Borel versions of the Local Lemma and LOCAL algorithms for graphs of finite asymptotic separation index
Anton Bernshteyn, Felix Weilacher
TL;DR
This work develops Borel analogues of the Lovász Local Lemma under finite asymptotic separation index and ties them to efficient randomized LOCAL algorithms. By introducing a shattering-based LLL and leveraging structured-graph reductions, it yields constructive Borel colorings and edge-colorings for broad classes of Borel graphs with finite asi, including Schreier graphs.
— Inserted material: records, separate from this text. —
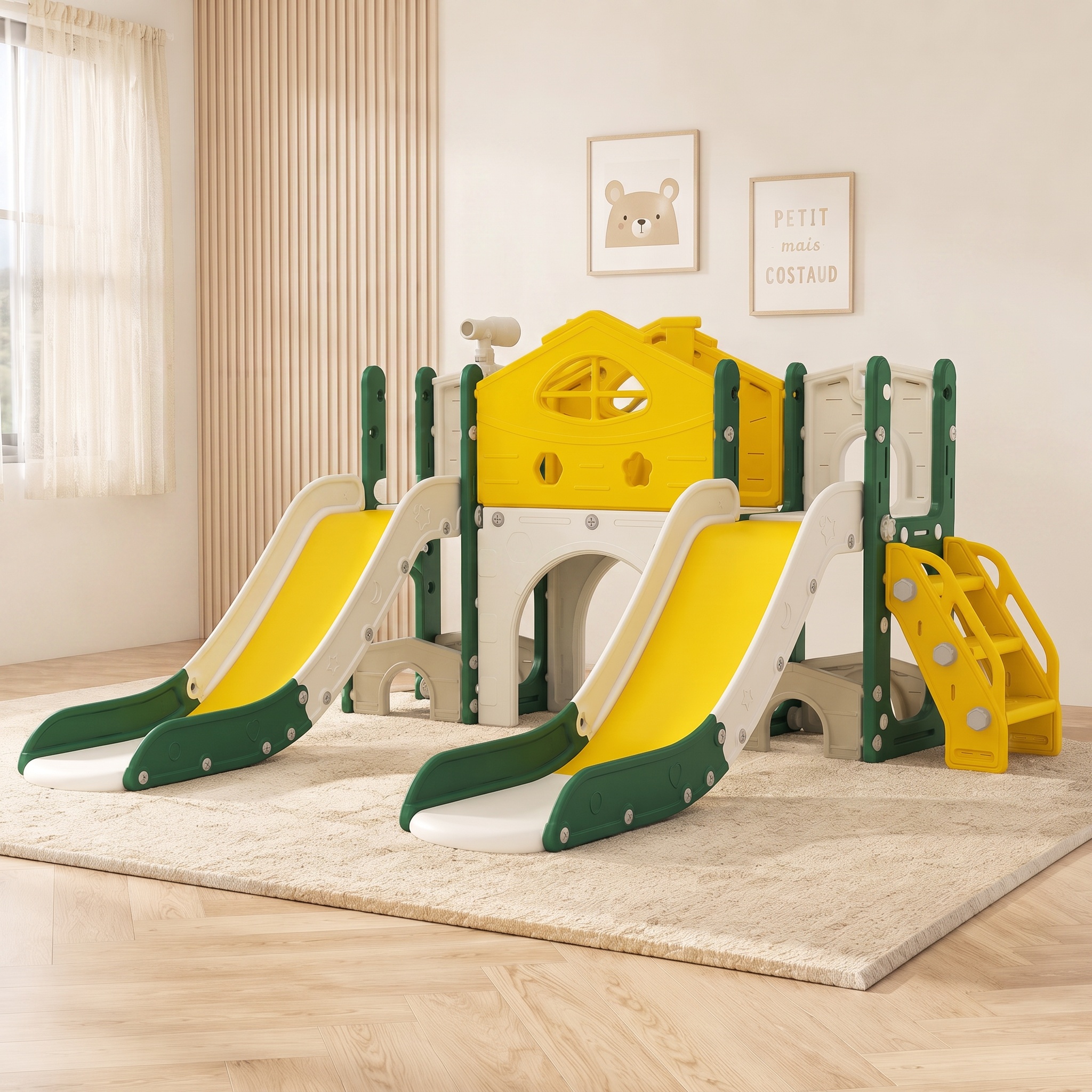 7-in-1-spielplatz, Spielschloss Mit Doppelrutsche, Klettergerüst Und Teleskop Für Drinnen Und Draußen, Sicherer Hdpe-kunststoff, Gelb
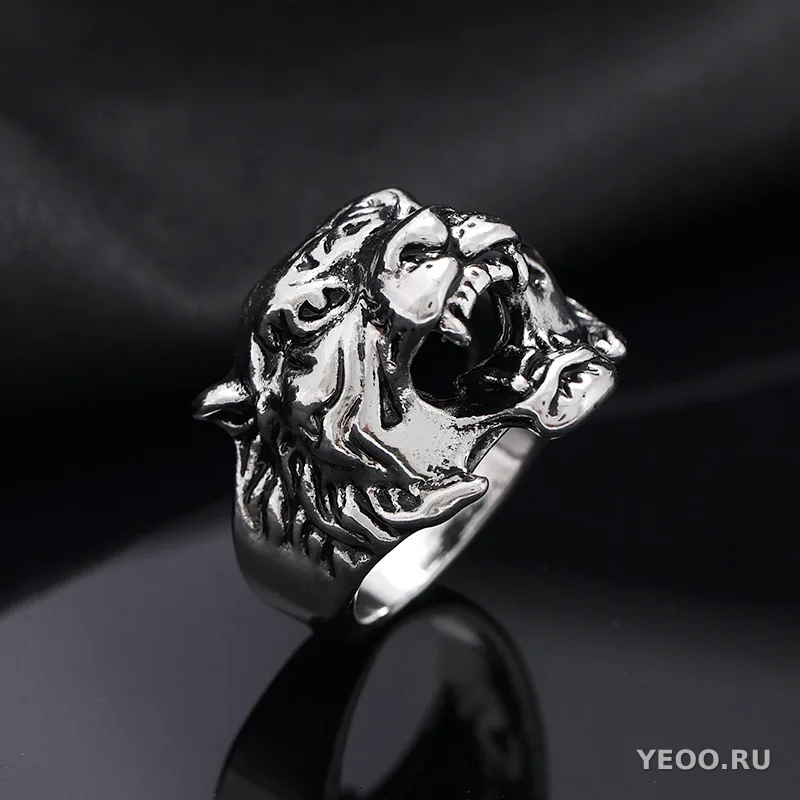 Кольцо мужское с головой тигра, массивное, из сплава, в стиле хип-хоп и ретро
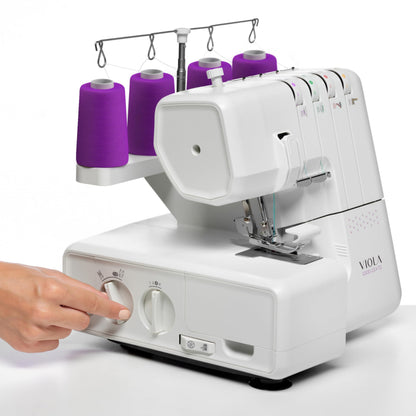 VIOLA Look T12 Machine à Coudre avec 12 Points Couture, Overlock avec Différentiel, Couette Bras Libre, Blanc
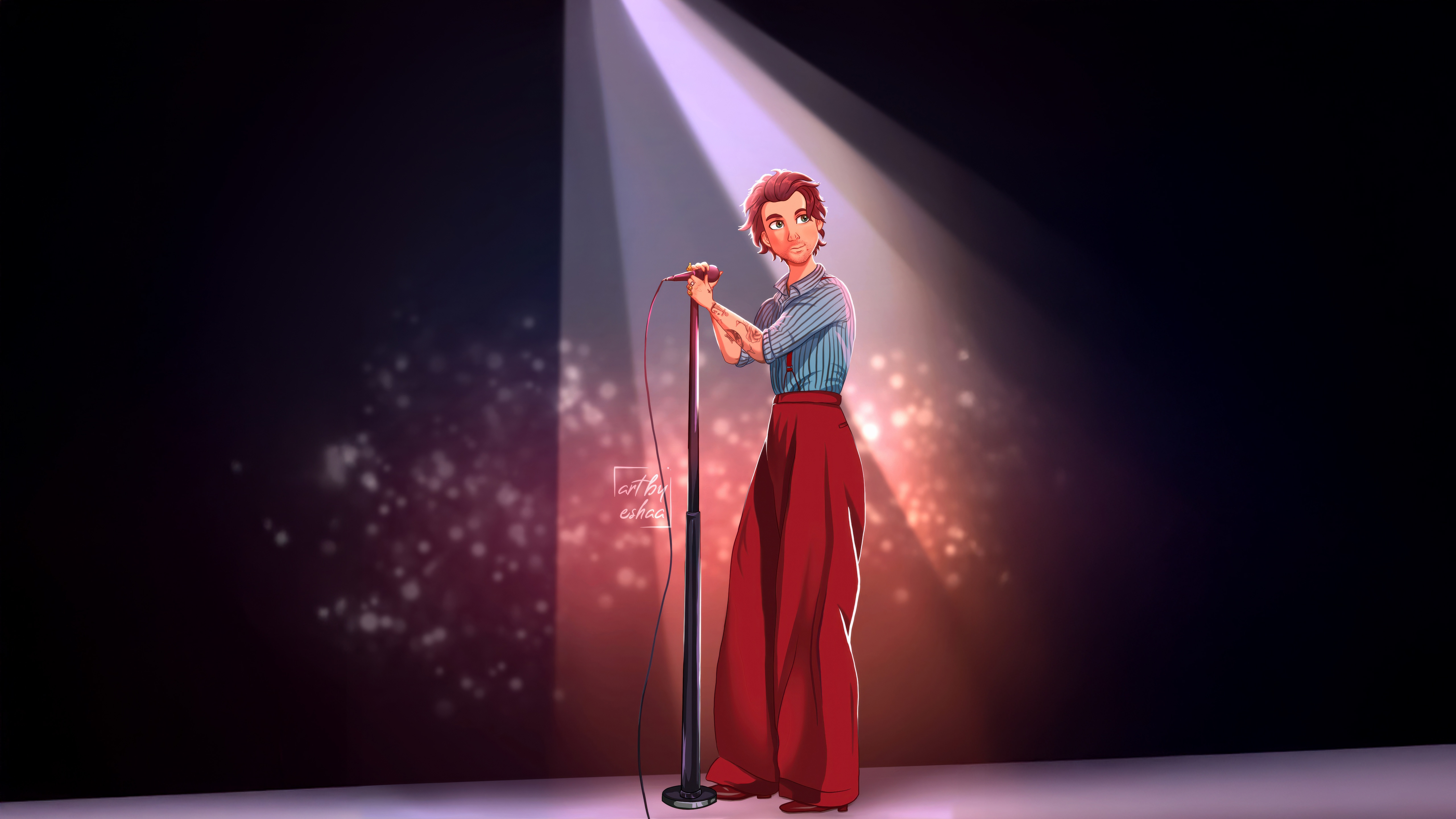 Musician On Stage With Microphone HD Wallpaper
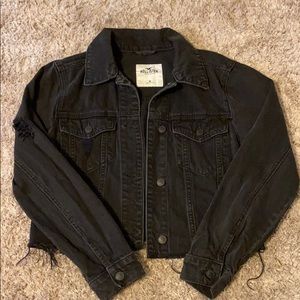 Black distressed hollister denim jacket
Key contributions include Borel Brooks/Johansson-type bounds, near-Delta edge-colorings, and Schreier-graph Vizing-type results, all grounded in an LLL/LOCAL pipeline that connects distributed computing to descriptive combinatorics. The results substantially broaden when and where Borel combinatorics can mirror finite/classical behavior, with implications for measurable and Baire-measurable contexts and potential for further generalizations in structured graphs and hyperfinite settings.
Abstract
Asymptotic separation index is a parameter that measures how easily a Borel graph can be approximated by its subgraphs with finite components. In contrast to the more classical notion of hyperfiniteness, asymptotic separation index is well-suited for combinatorial applications in the Borel setting. The main result of this paper is a Borel version of the Lovász Local Lemma -- a powerful general-purpose tool in probabilistic combinatorics -- under a finite asymptotic separation index assumption. As a consequence, we show that locally checkable labeling problems that are solvable by efficient randomized distributed algorithms admit Borel solutions on bounded degree Borel graphs with finite asymptotic separation index. From this we derive a number of corollaries, for example a Borel version of Brooks's theorem for graphs with finite asymptotic separation index.